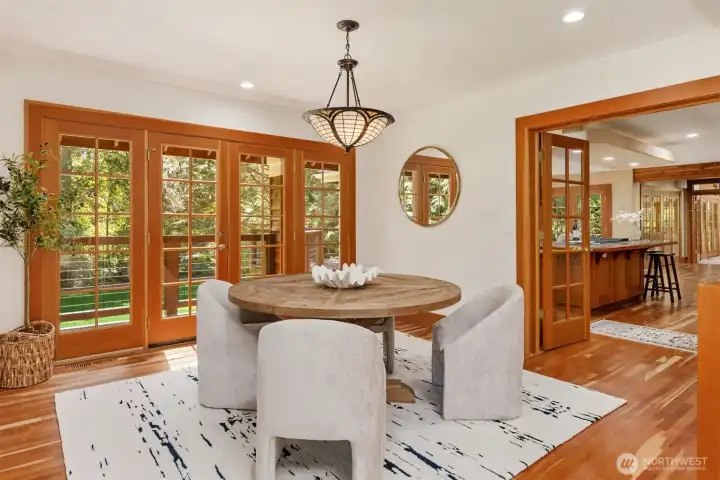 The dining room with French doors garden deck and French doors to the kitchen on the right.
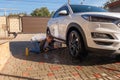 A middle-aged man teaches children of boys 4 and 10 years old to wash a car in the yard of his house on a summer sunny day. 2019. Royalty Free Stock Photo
== == ==
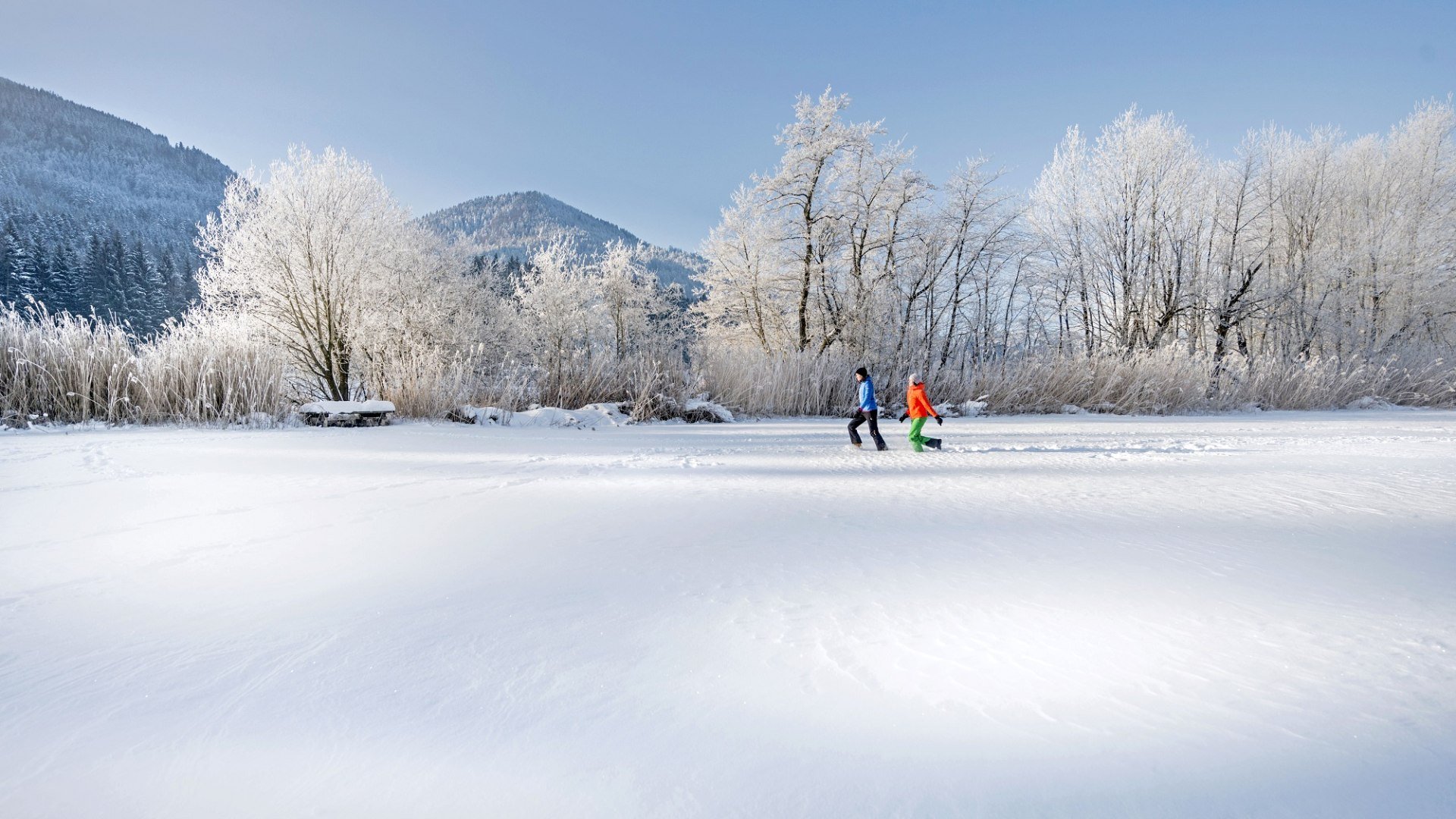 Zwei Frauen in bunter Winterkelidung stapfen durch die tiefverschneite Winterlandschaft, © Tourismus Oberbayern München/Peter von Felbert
== == ==
• TASK PROMPT
Would you print exactly the lines in the listing above, from the line bearing "The dining room" through the line bearing "A middle-aged man", leaving out all pictures?

• TASK OUTPUT
 The dining room with French doors garden deck and French doors to the kitchen on the right.
 A middle-aged man teaches children of boys 4 and 10 years old to wash a car in the yard of his house on a summer sunny day. 2019. Royalty Free Stock Photo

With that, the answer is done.